Resultado: não há incremento da procura de dinheiro e o efeito desejado não se verifica; (2) foram anunciadas medidas supostamente para facilitar as importações de bens essenciais com uma linha de crédito especifica de 500 milhões de dólares descompensada com aumento das reservas em divisas e sem redução significativa da taxa de juros.
Resultado, o acesso a divisas diminuiu, os bancos comerciais retraem-se na venda de divisas (possivelmente por razões especulativas aguardando a evolução da taxa de câmbio) e o Metical desvalorizase, reforçando as dificuldades de importação e no pagamento do serviço da dívida; (3) não foi injectado dinheiro para apoiar as empresas e amortecer os efeitos sociais negativos da pandemia. Como resultados finais, há uma menor actividade económica, menos importações de bens essenciais (retracção da economia e menor procura) e mais sacrifícios dos mais pobres. Uma política monetária recessiva em momento de crise económica, o que é contra o que os manuais de economia afirmam.

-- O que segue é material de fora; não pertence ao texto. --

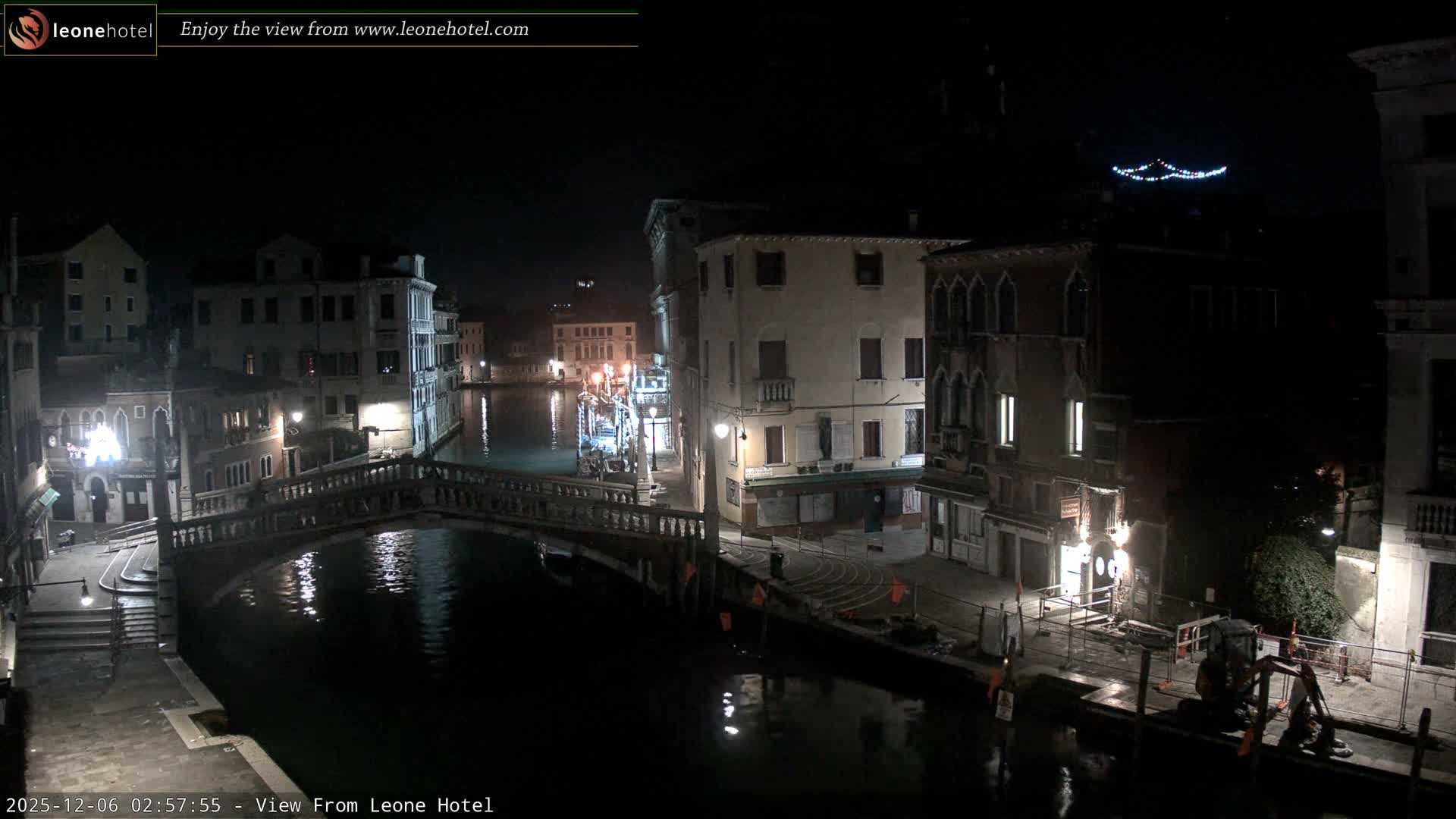 Venice, Canal of Cannaregio , Ponte delle Guglie Bridge Live Cam - Venice, Veneto, Italy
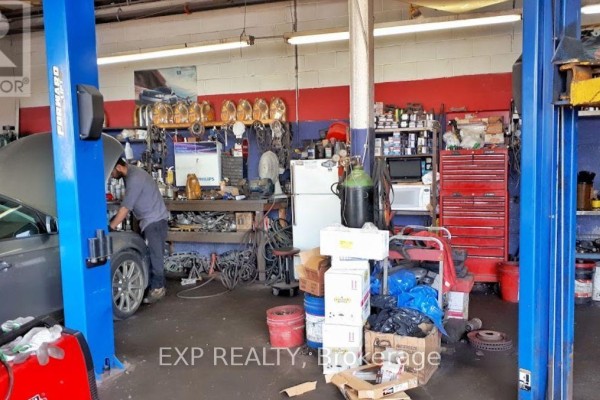 6 - 375 Danforth Road, Toronto, ON M1L3X8 Photo 2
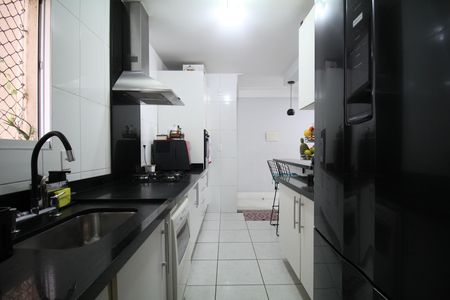 Apartamento à venda com 84m², 3 quartos e 2 vagasCozinha - Armários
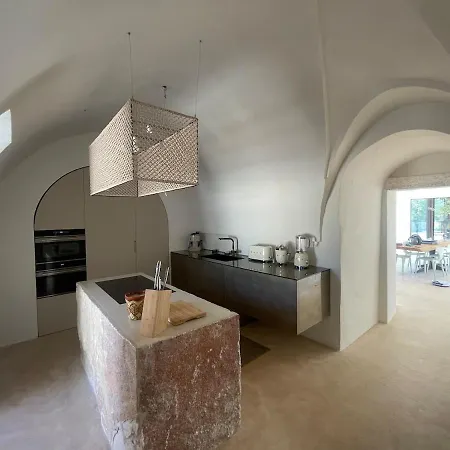 Villa Trullo Nomad Glass Cube *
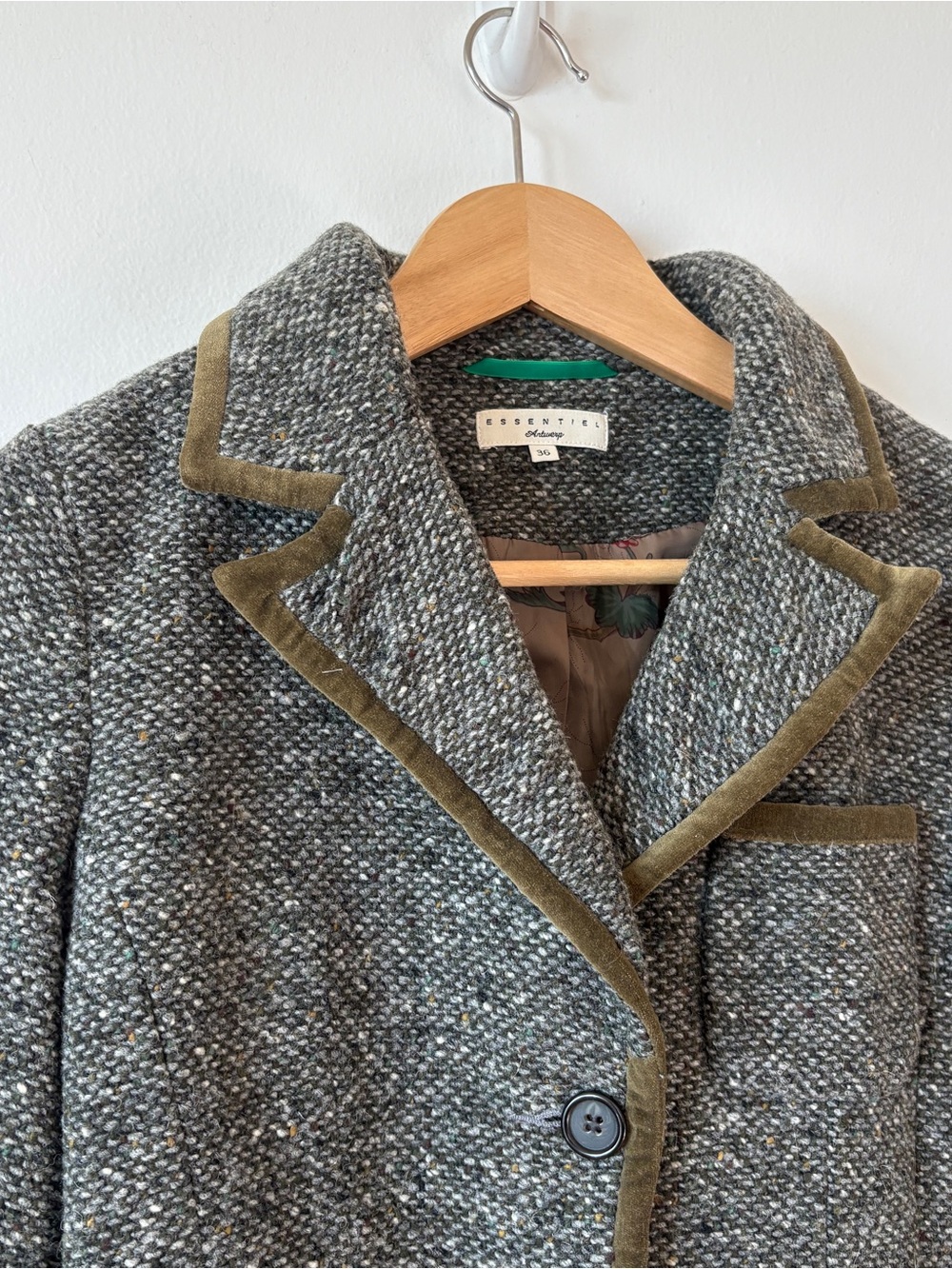 Essentiel Antwerp sz 6 Equestrian style Wool Blend Tweed Blazer Velvet Trim - Picture 2 of 7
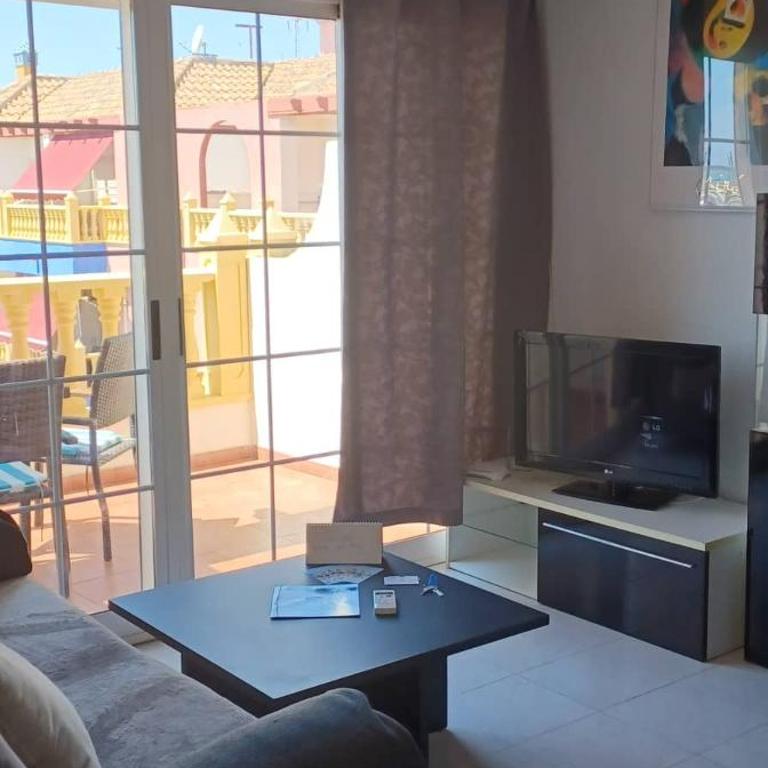 appartement climatisé deux chambres front de mer et piscine - Two-Bedroom Apartment - 9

É conhecido que políticas recessivas dificultam a saída da crise e reduzem a capacidade de intervenção do Estado na criação de incentivos e subsídios, no investimento público com criação de emprego e na geração de um ambiente de expectativas para o investimento privado e a retoma da actividade económica. Ou, como deve defender o BdeM, seguindo as teorias do pensamento económico liberal, as crises ultrapassam-se através dos mecanismos dos mercados.
Parece evidente que as recentes medidas do Banco de Moçambique relacionadas com o COVID-19, produzem efeitos contraditórios e, consequentemente, anulam-se mutuamente. Os objectivos do discurso do BdeM não estão sendo alcançados e, por isso, podem-se considerar de ineficazes. O Banco de Moçambique tem sido religiosamente dogmático e muito fiel ao princípio chicaguense e do FMI, sobre o controle religioso da inflação e muito assertivo na defesa do poder, mesmo tolerando um Estado despesista, ineficiente e ineficaz (“males menores” no contexto moçambicano).
Salve-se o poder e a inflação, com sacrifícios da economia, do país e da maioria do povo! Porém, independentemente das (in) coerências do BdeM (gostando-se ou não), os efeitos produzidos pelas medidas recentes do BdeM, em contexto de crise, são razões mais que suficientes para questionar a gestão do Banco de Moçambique sem ou com licença dos senhores buro-tecnocratas do FMI. Não sei nem me interessam as características de personalidade do senhor Zandamela, mas sei que, o que está decidindo, de forma independente ou não, é lesivo a Moçambique e aos moçambicanos, sobretudo aos mais pobres.(João Mosca, Economista no Observatório do Meio Rural)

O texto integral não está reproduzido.